## Material provided:

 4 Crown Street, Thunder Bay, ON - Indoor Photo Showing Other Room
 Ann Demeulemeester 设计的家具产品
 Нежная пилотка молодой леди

## Exercise objective:
Transcribe the entire listing above exactly as written.

## Your solution:
 4 Crown Street, Thunder Bay, ON - Indoor Photo Showing Other Room
 Ann Demeulemeester 设计的家具产品
 Нежная пилотка молодой леди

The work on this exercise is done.